Dawn, explaining grasses, on Skye
Dawn, explaining grasses, on Skye

In 2017, Cedar Swan, CEO of Adventure Canada, approached Drs. Dawn Bazely and Peter Ewins to create a botany guide for their European ecotourism small ship expeditions: Ireland Circumnavigation, Scotland Slowly, North Atlantic Saga, Iceland Circumnavigation, and In the Wake of the Vikings. While the ship’s onboard library has many field guides, Adventure Canada, which is known for its alternative tourism in the Canadian arctic, also provides customized information about arctic Inuit culture and flora and fauna. However, there was a gap in these resource documents for the Atlantic itineraries.

Daniel with a foxglove outside Oban
Daniel in Oban

Dawn (see profile. Above right, in 2019) spent several years doing plant ecology field work on St. Kilda and in Shetland, and Peter (below, in 2018), who was, at the time of writing this guide, the Lead Species Specialist for World Wildlife Fund Canada, had worked as an Assistant Regional Officer for the Nature Conservancy Council, based in Lerwick, Shetland. He was also an assistant warden at Fair Isle Bird Observatory (1978-80) and he did his doctoral field work on black guillemots in Shetland, living many months on the island of Mousa. We were delighted to accept Cedar’s challenge and we brought Daniel, an Adventure Canada Expedition Leader who trained in Adventure Studies, onto our writing team (left, in 2018). During his time in the Outdoor Adventure Education programme at Thompson Rivers University in Kamloops, British Columbia, Canada, Daniel took field botany identification courses. He had rapidly learned the Atlantic islands flora on in 2018. Dan also had a camera with an excellent macro lens and was a keen photographer of flowers.

Pete outside the bothy on Mousa where he lived during his doctoral field work
Pete outside the bothy on Mousa where he lived during his doctoral field work

Our approach to developing a popular guide for ship-based ecotourists whose primary interest in natural history may not be botanical (pdf attached below for your future use), encompassed the following principles:

  1. Use either our own photos of plants or open access images.
  2. Develop a curated list of highly visible, early summer flowers, that citizen scientist ecotourists would be likely to encounter during June and July.
  3. Organize plant lists by the three main habitats that our travellers encounter: from the beach, where zodiacs land (B), to the streets and gardens of local communities (G), to hillsides and more inland areas, where more adventurous Adventure Canada travellers hike (H).

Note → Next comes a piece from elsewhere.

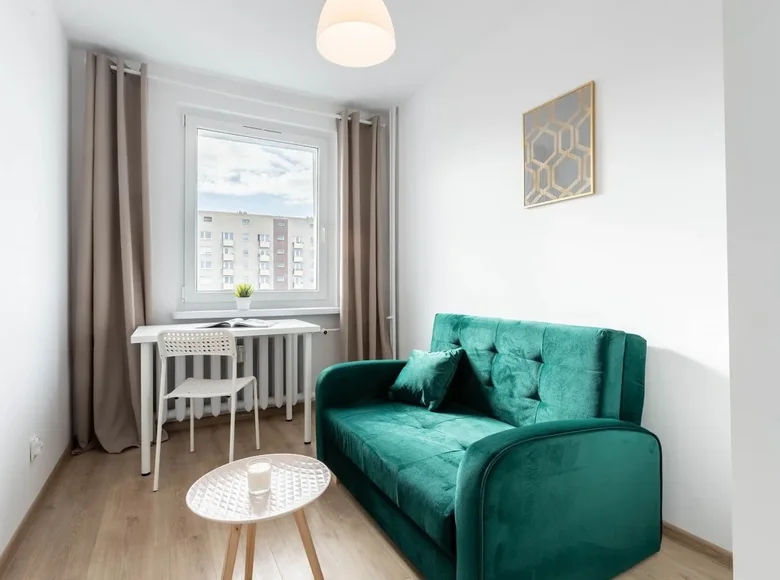 Apartamento 5 habitaciones 67 m² Poznan, Polonia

A selection of pages from the finished guide is shown below. They are a far cry from our initial brainstorming notes about which plants to include (right). Once we agreed upon species, and selected images from our own photo libraries or Wikimedia Commons, we wrote accompanying short text paragraphs based on our flower guides, online databases and journal publications and newspaper articles. Our finished document was edited and beautified by Adventure Canada’s graphic design team. We felt it important to include information about how to identify and, thus, avoid picking orchids, because the trips happen at peak orchid flowering time. We received positive feedback from many passengers about the guide, which helped them to identify the species in their photographs.

A final note: due to the COVID-19 pandemic, this conference is being held virtually. Conference delegates may be interested to know that in March 2020, Adventure Canada cancelled all of its planned small ship expeditions for 2020. Adventure Canada’s alternative tourism ethos is informed by the United Nations Sustainable Development Goals and the principles of Regenerative Tourism. Operations will resume when the Governments of Canada and Nunavut advise that is safe to do so.